Mr Clarken continued, “An ambitious and objective list of tax havens with strong countermeasures is a concrete and powerful way to clamp down on tax avoidance which deprives countries of hundreds of billions of dollars, fuelling poverty and inequality. If the EU is serious about preventing tax havens from engaging in harmful practices that affect us all then it should stand up to political and corporate pressure and create a genuine blacklist, not a whitewash.”

The report also highlights  that according to the EU’s definition of a tax haven, there are six linked to the UK: the British Virgin Islands, Cayman Islands, Bermuda, Jersey, Gibraltar and Anguilla. The charity has also called on the UK government to take responsibility for its own offshore backyard by requiring Britain’s overseas territories and crown dependencies to publish registers revealing the real owners of companies registered there.
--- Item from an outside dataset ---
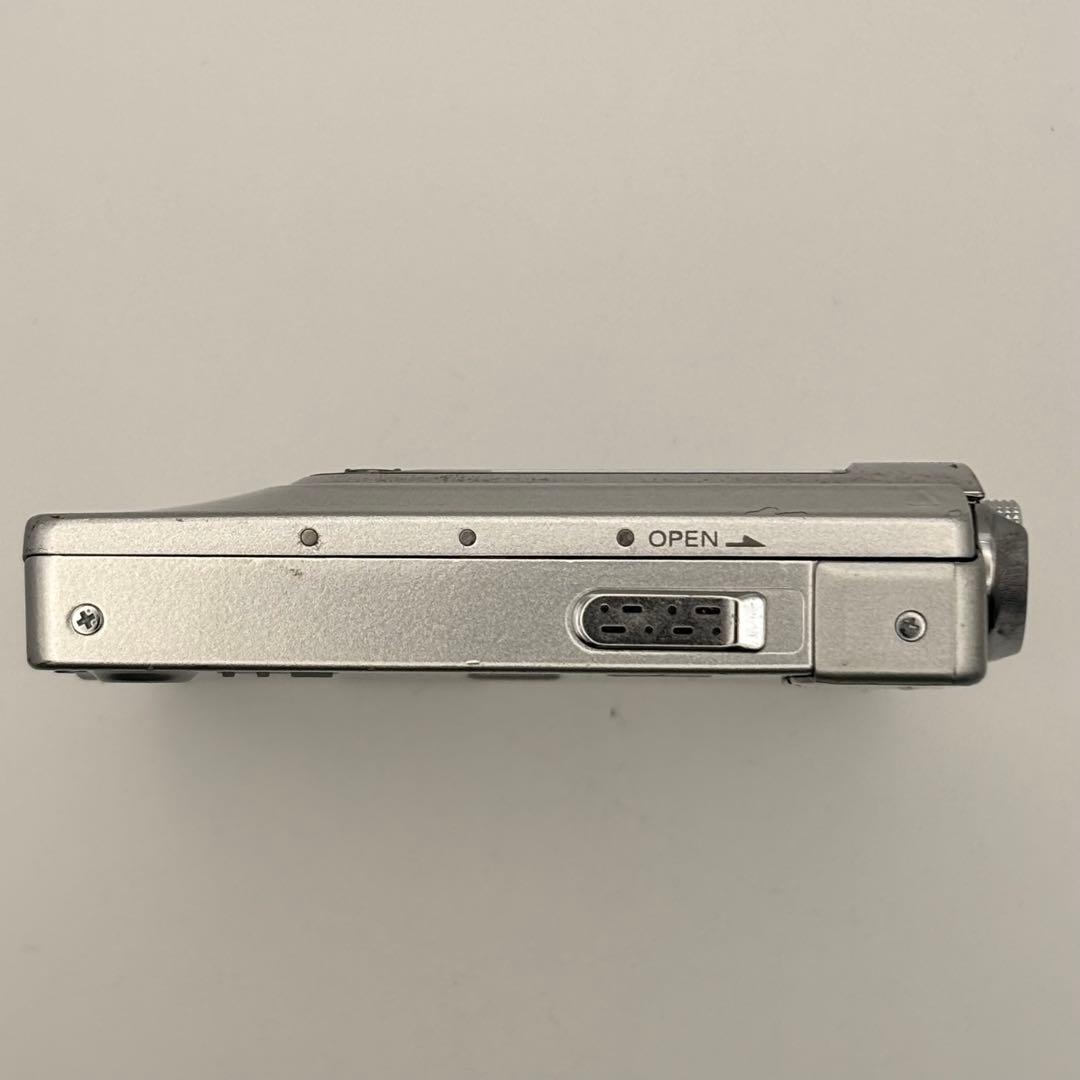 SONY MZ-N10 ソニー MDウォークマン MDレコーダー シルバー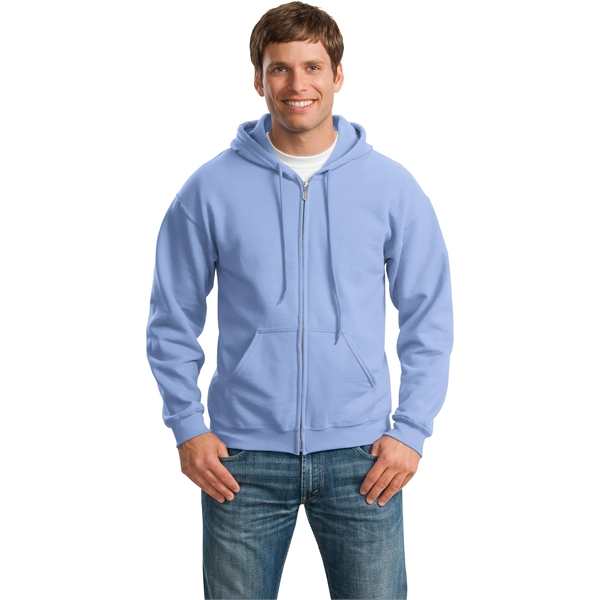 Gildan - Heavy Blend Full-Zip Hooded Sweatshirt. - Gildan - Heavy Blend Full-Zip Hooded Sweatshirt. - Image 44 of 93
Jim Clarken stated, “People are fed up with the double standards that mean some companies and wealthy individuals can funnel money through tax havens to avoid paying their fair share of tax, while ordinary people in the UK and overseas are struggling to get by.”

He said that there is growing cross party consensus on this, and the Government should not delay further action to end tax secrecy in UK-linked tax havens and to require UK-based multinationals to publish their tax payments in every country they operate. The report states that multinationals are able to use the UK’s overseas territories to shift profits.